The Crusade

The former Spanish Interior Minister declared that the success of Franco's coup was a miracle

Vicenç Villatoro
1 min

The former Spanish Interior Minister Jorge Fernández Díaz declared in an interview that the success of Franco's coup was a miracle, the result of divine intervention, by the grace of the Mother of God. It’s an extremely ‘whacky’ thing to say. But it's more than this. My generation was one of the last to be taught that the Franco rebellion, a fascist, ultra-conservative (as Arrimadas would say) overthrow of a democratically elected government, was in fact a reaction against communism and religious persecution, “una Cruzada” [a Crusade]. This is what the pro-Franco propaganda claimed, especially aimed at the conservative democratic sectors of England or France.

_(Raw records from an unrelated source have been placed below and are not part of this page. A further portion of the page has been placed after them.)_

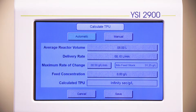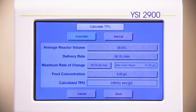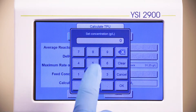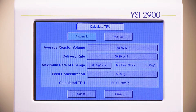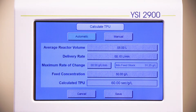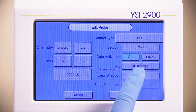The instrument will calculate the required minimum feedstock. In our example, the minimum concentration of feedstock required is 31.25 grams per liter. We will change the concentration of the feedstock to 50 grams per liter. Press the button next to Feed Concentration and enter the value of 50 grams per liter. The calculated TPU will appear on the last line of the page. Ours is 60 seconds per gram per liter. Press Save and the TPU now appears on your screen.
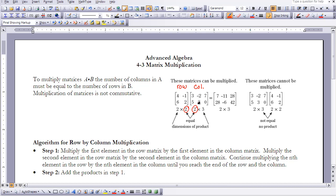If they're not equal, you may not find a product. The number of rows in the first matrix and the number of columns in the second matrix determines the dimension for your product matrix. Here that's 2×3 — the rows in the row matrix and the columns in the column matrix determine your product is a 2×3 matrix. Matrices are not commutative; if you flip the two matrices, the columns do not match the rows and therefore you cannot find a product.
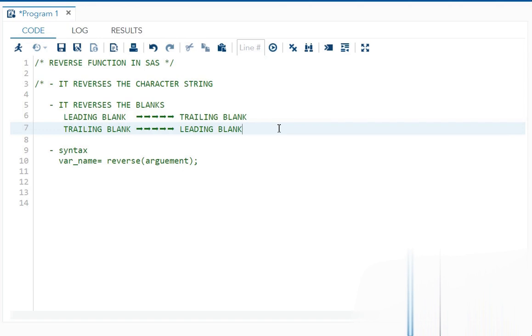So it will reverse everything, even your string, even your blanks. Now, if I see the syntax, it is very simple. Variable name equals reverse and in parenthesis, you will write your string or your argument.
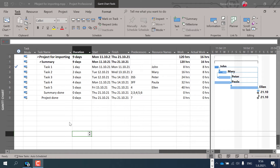Hello, today I'm going to show you how a project created in Project for Desktop application can be imported in Project for the web.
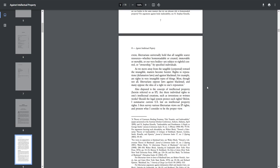Below, I summarize current U.S. law on intellectual property rights. I then survey various libertarian views on IP rights, and I present what I consider to be the proper view.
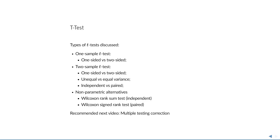That concludes all the different types of t-tests discussed in this video. If you want to learn more, I recommend that you watch the video on multiple testing correction next. Thank you for watching.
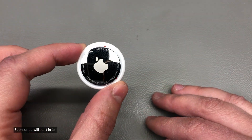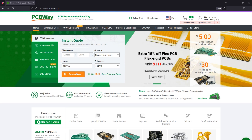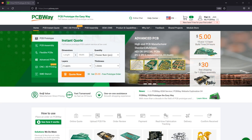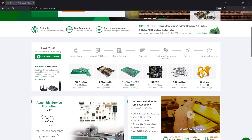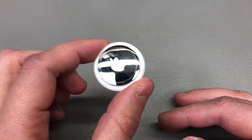Let me mention the sponsor of this video, PCBWay.com, a professional PCB manufacturer with excellent quality and fast turnaround times. The Chinese New Year holiday is coming to an end and everyone is returning to work, so you can start placing PCB orders again on their website. They also offer 3D printing, CNC machining, and general manufacturing services — check out their website link below.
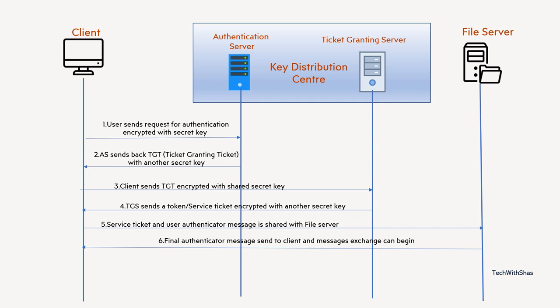After this, the mutual authentication will complete between the client and file server and both can start exchanging messages. And now basically they will share a secret key, a session key, and that will be a short lived key. Basically at a particular time, like a period of time they can use that particular key and encrypt the messages which they are going to exchange in future. Then both can talk to each other and client can access the file server resources.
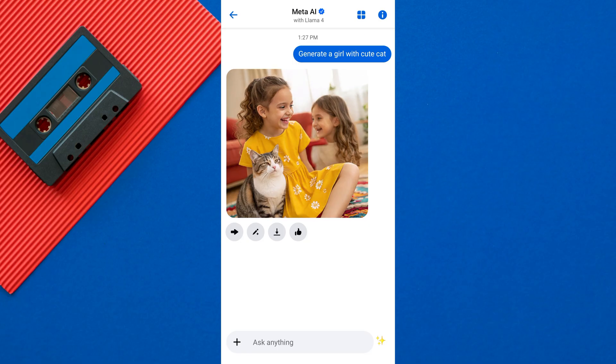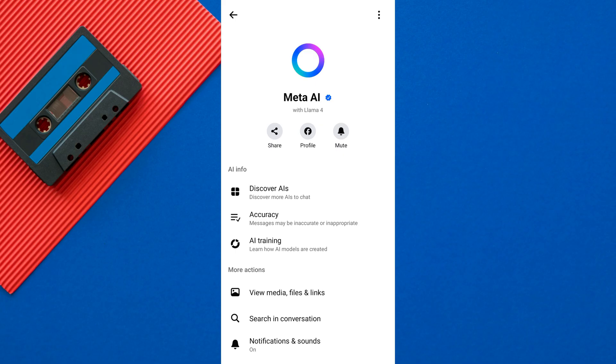At the top of the screen, you will see the Meta AI name or info icon — just tap on it. In the Meta AI settings, look for the three dots menu icon at the top right of the screen.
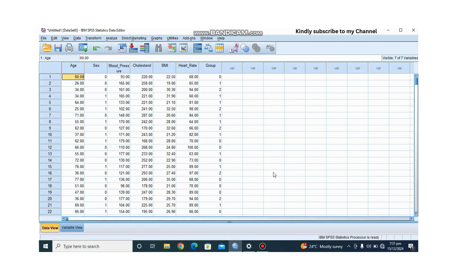So when should you use MANOVA? You should use MANOVA when you have one or more independent variables that are categorical, and when you have two or more dependent variables that are continuous and related to each other.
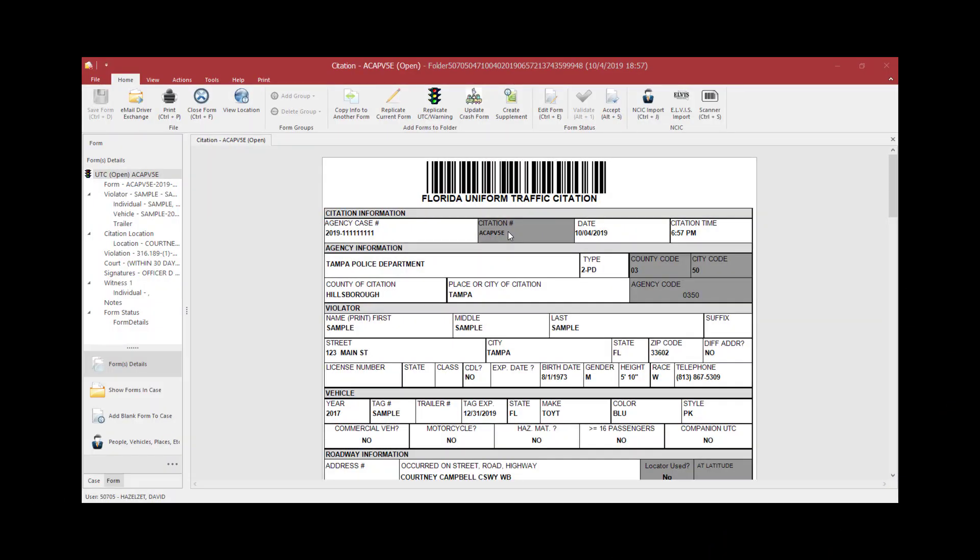This training video is to show you how to void and unvoid citations and tracks. Check with your agency's policies and procedures prior to following the instructions in this video, as your agency's policies and procedures may differ from this training video.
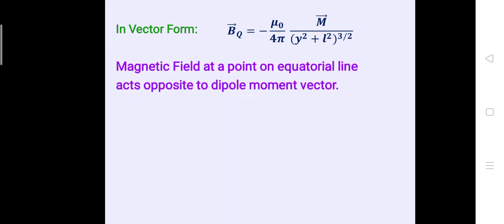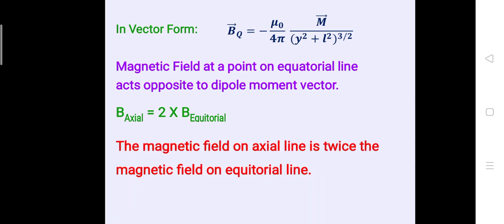Comparing the two formulas: the axial magnetic field is (μ₀/4π)·(2M/r³) and the equatorial magnetic field is (μ₀/4π)·M/y³. Therefore, the magnetic field on the axial line is twice the magnetic field on the equatorial line. Thank you, have a nice day.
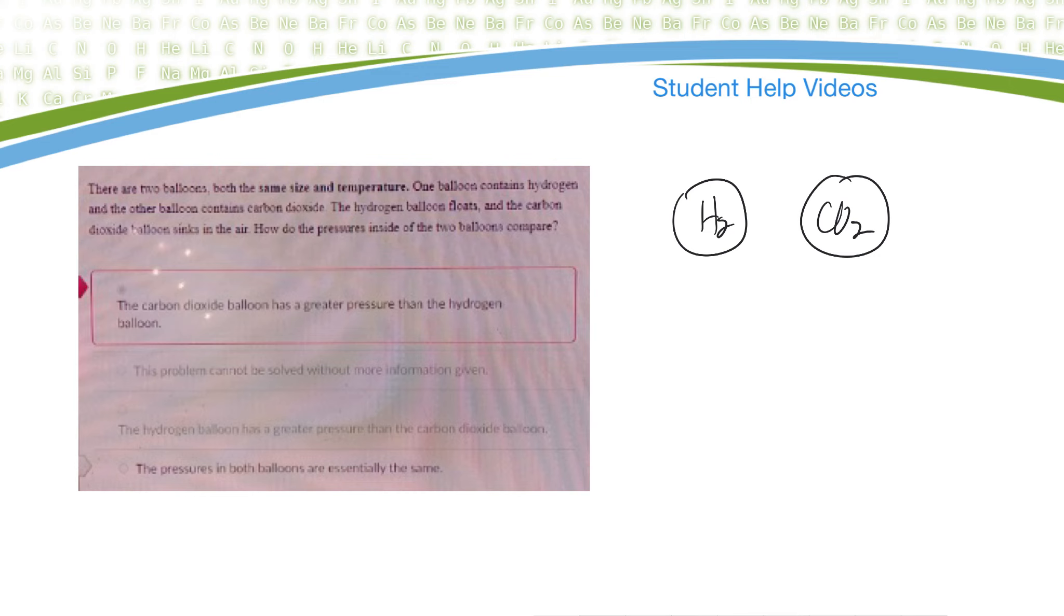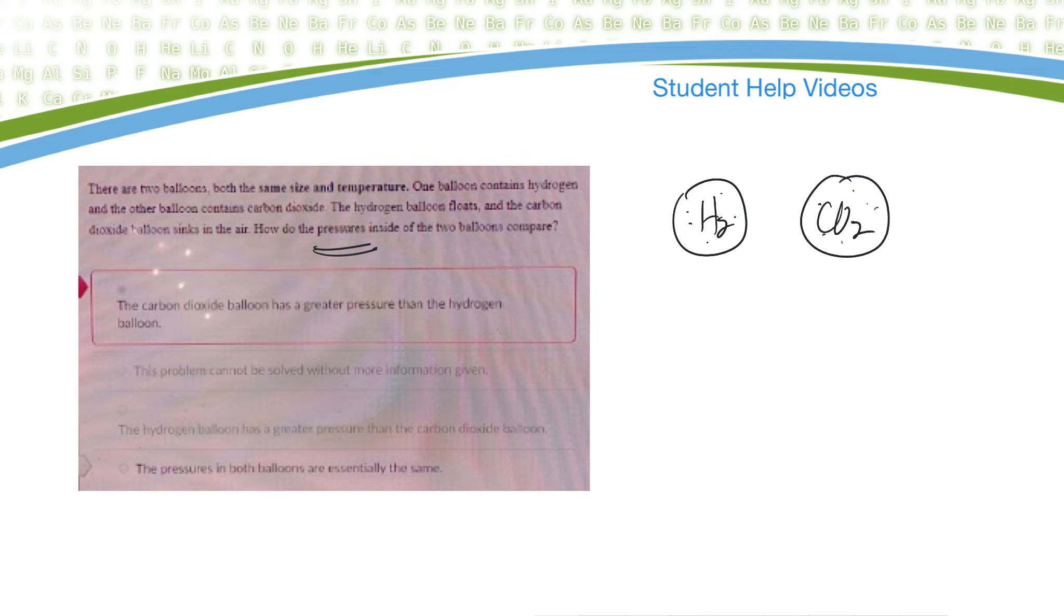Well, carbon dioxide is heavier than air and so it will go down, but if they're asking for what the pressure is, it doesn't have anything to do with the weight of the gas. It's just how many molecules are in there. So if the size of the balloons are the same, then that would mean that the pressure inside both balloons have to be the same.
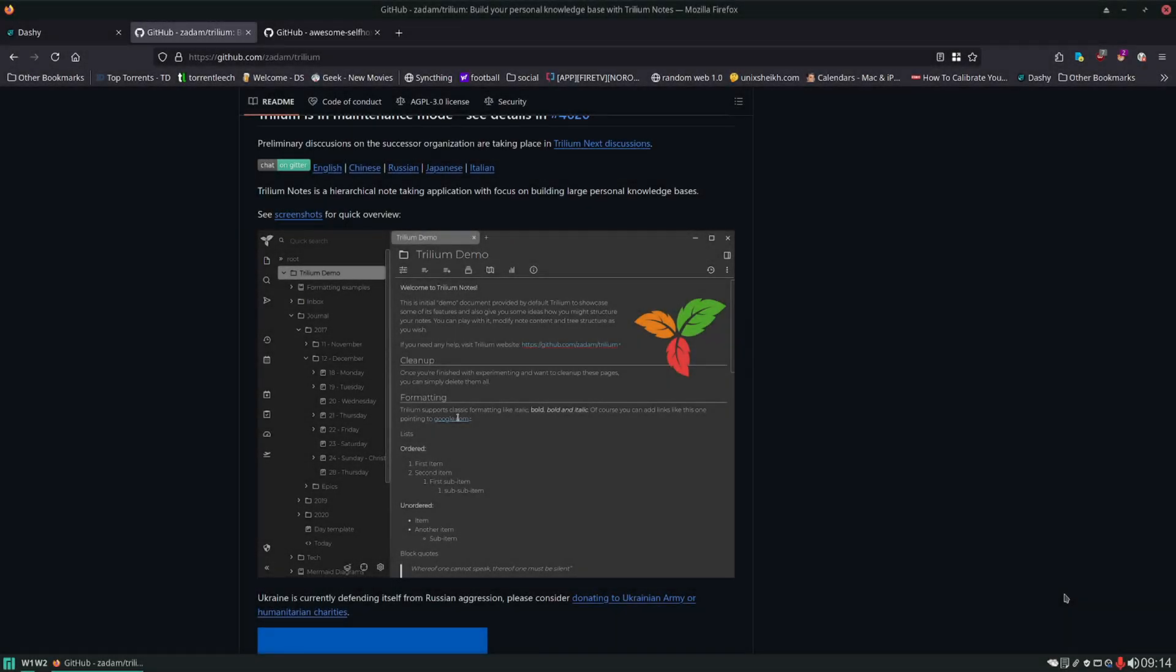Hello and welcome. In today's video we're going to be installing Trilium. It's a note-taking app.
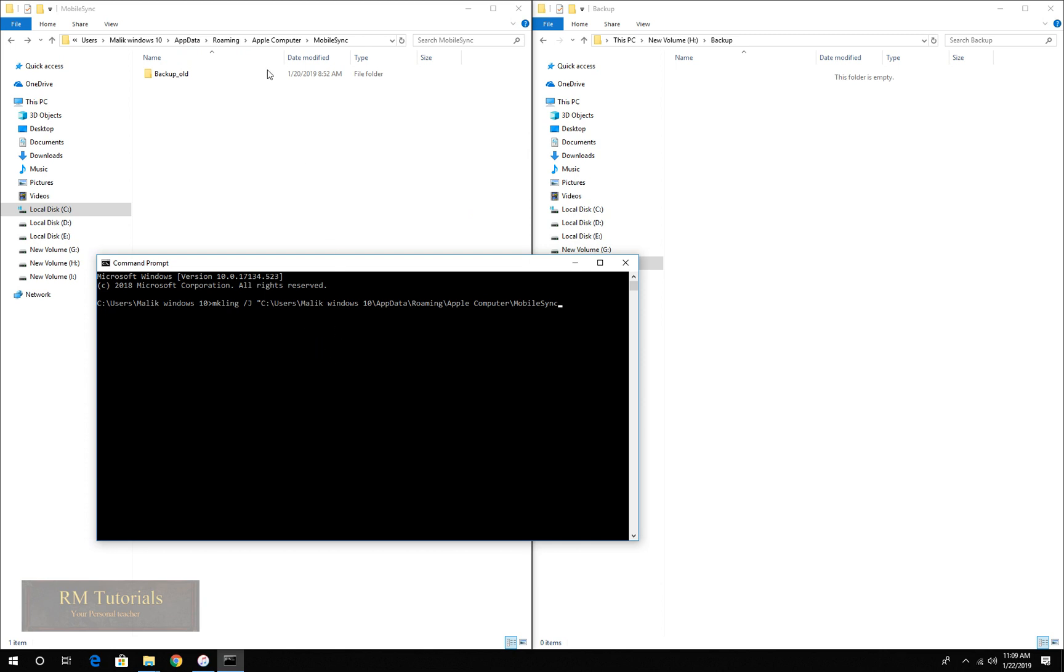Then back over here and control V. What you did is you copied the link and you paste it in the command prompt. Now again, backslash, now type backup, double quotation ends, space.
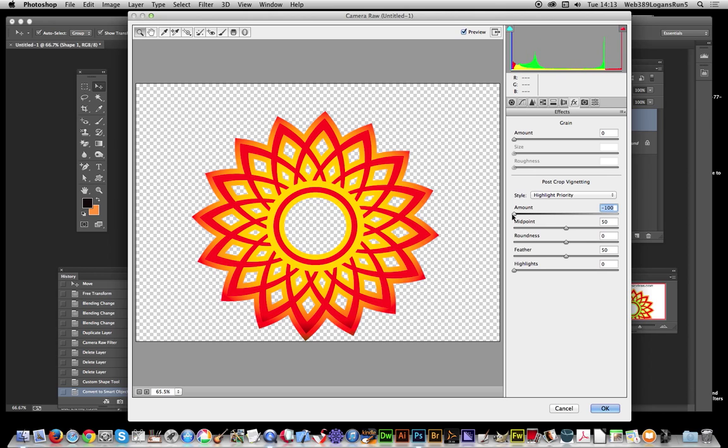So I'm just going to drag that. You can actually see it just goes darker around the edges of this design.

Clearly, the anti-clerical atrocities committed by certain factions on the republican side helped support this biased interpretation of the events. However, democratic Catholics soon realized that this was not the case: Bernandos, a royalist, Catholic conservative who initially sympathized with the Franco regime, ended up writing Els grans cementiris sota la lluna [The Great Cemeteries Under the Moon], condemning the atrocities committed in Mallorca. The fact that Fernández Díaz has chosen this precise moment to revive the idea of the Crusade, with miracles included, is significant. He’s not some anonymous member of Vox. He’s a former minister of the PP who was in charge of the police and was pally with the public prosecutor. He must think that the ban has been lifted. That being an apologist for the Franco dictatorship is no longer a sin, either morally or politically.